Save your money. You’re already equipped with powerful software that will keep you focused on your tasks. It’s not something you can buy, either; it is nothing less than living firmware, refined by the hidden processes of evolution and the more blatant ones of culture over millennia. The brand-name? “Self-Discipline.” It needs but an act of will to initiate the program.

There is a learning curve, though, as any Zen master will tell you. But you won’t have to sit cross-legged staring at a wall to learn how it works. One thing that helps is to stay hungry. Literally. So here’s a plan….

  1. Establish a routine. Yes, even if this is contrary to your self-image as a free spirit moving with the flow of the moment. The flow of the moment is fine if you’re not trying to write a novel. If you are, you need to work. So choose a time of day when your brain runs well and dedicate it to your writing. If you need quiet, early morning is best; if you like a cocoon of social noises, evening in a coffeehouse might do. (Just be sure you’ll be someplace where folks will leave you alone. After all, the original social network is the village square, where everyone gathers to talk.) Choose a time, and keep it sacred. That is when you write
  2. Make a vow. You are writing on your laptop or desktop, many of whose features are bugs when you are trying to get work done. Do not check your email during this time, do not glance at your browser, leave your smartassphone in another room. Be faithful to your work for at least an hour.
  3. Stay hungry. Your ancestors walked miles each day in search of fruits and tubers. They didn’t eat till they put in the time. You shouldn’t either. If you’re a morning writer, no breakfast till you’ve hit your word count; if an evening writer, no dinner, or no drink, ditto. Starvation’s bad for writers, but hunger is good. And it means you have a reward waiting for you when you’re done, one that directly addresses one of life’s most fundamental motivations. This keeps your writing real, and helps you actually get it done.

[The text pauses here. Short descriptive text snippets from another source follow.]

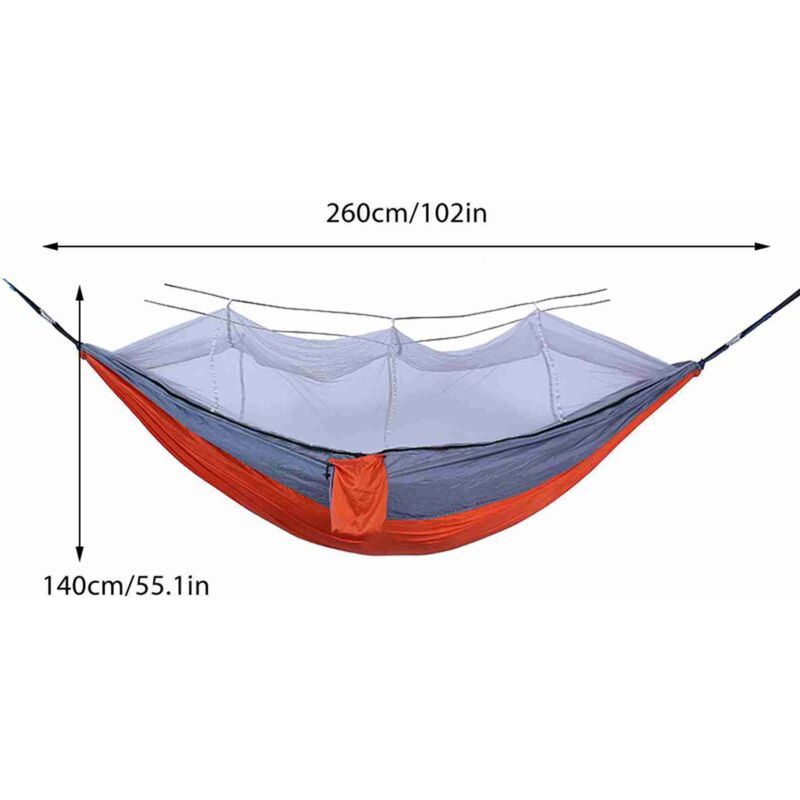 Automatic Quick Open Hammock with Mosquito Net Portable Outdoor Camping Hammock Anti-Rollover Nylon Hammock, Orange and Gray, 260 x 140 cm - Image 2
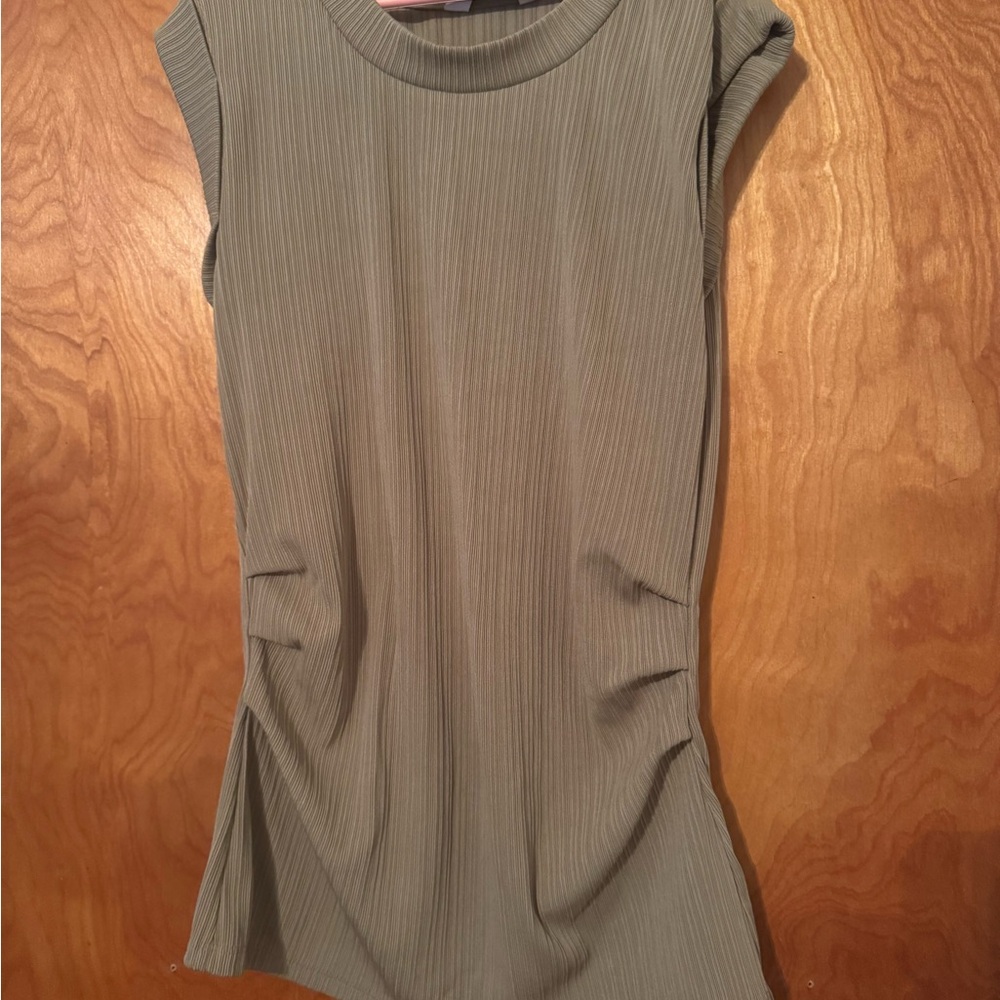 Sleeveless Olive Green Ribbed shirt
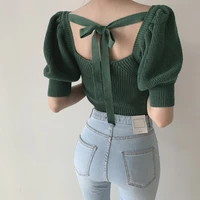 square collar hollow sweaters women lace up chic elegant puff sleeve casual tops korean backless knitted pullovers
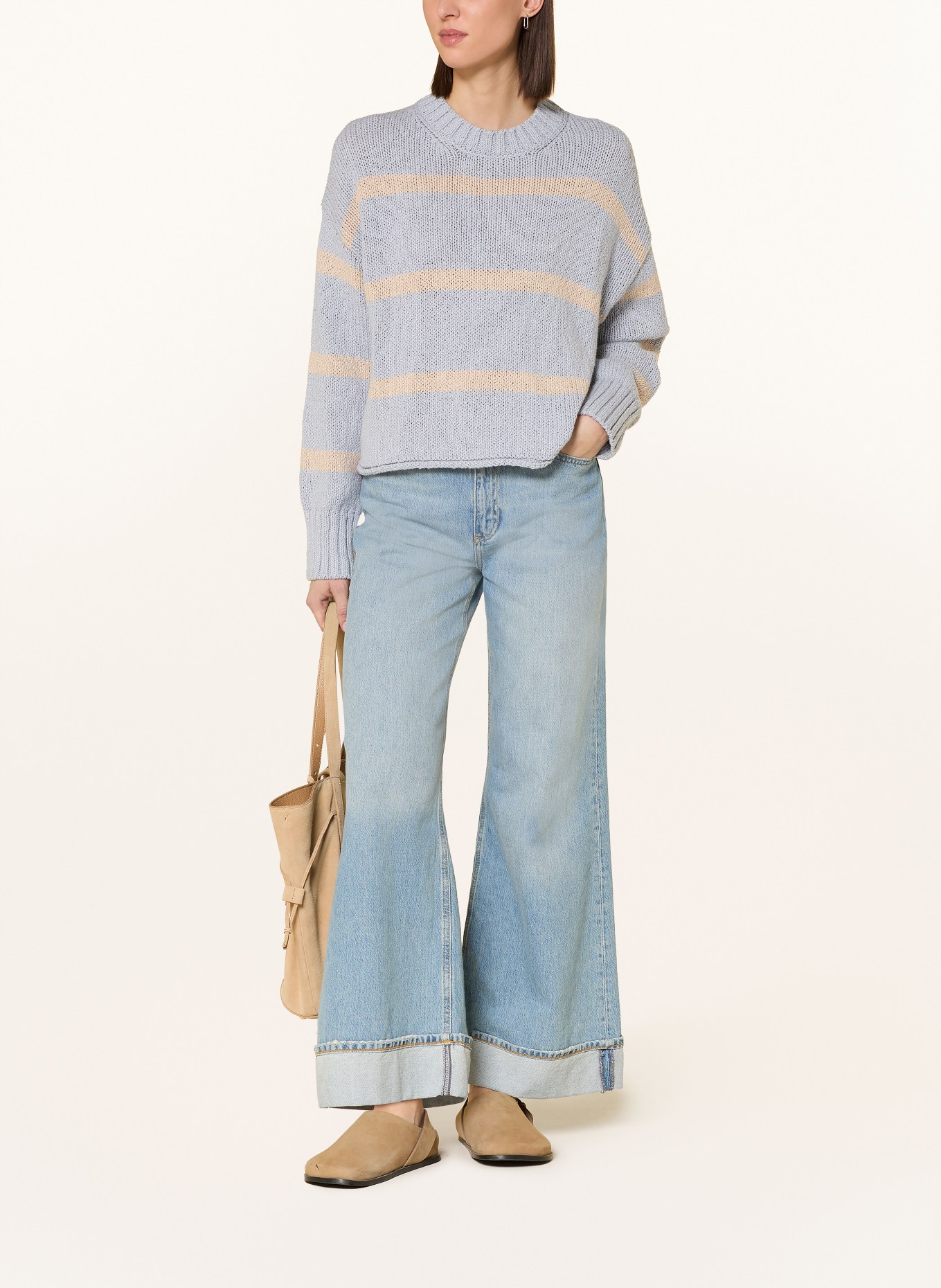 Marc O'Polo sweater: BLUE GRAY / BEIGE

Exceptions? Aside from emergencies, only one: fact-checking. Verifying a quote or a historical reference,; looking up a word in the Oxford to insure your character might actually have used it, given their age and background; checking whether such and such a plant or animal lives where you plot says they ought to. Aside from that sort of thing, if you don’t smell smoke and no one’s having a heart attack or pointing a gun at you, stick to your word processing program and keep the story going.

These “three weird tricks that the Internet doesn’t want you to know” will do it for you. Or will let you do it for your audience.

You’ve got it in you. You were born with it. Sit down and write.

Rick Risemberg


  1. I’ve been banging around in that statement, you’ve got it in you. It would seem so when you keep doing it, but going all the way back to five years old to figure out why the fizzle fizzed or got under the bell jar, or whatever, and worse, why anyone would care on the eve of more social chaos? Really just wanted to say I admire your site and publishing. Cheers.

    1. Some of the best writing has occurred on the “eve of social chaos.” Tolstoy, Twain, Dickens, Hemingway, Hugo, Wiesel, and hundreds of others in fiction; Arendt, Frankl, many more in non-fiction. There are tales that need to be told, and that the powers-that-be may not want told. Someone’s always cared.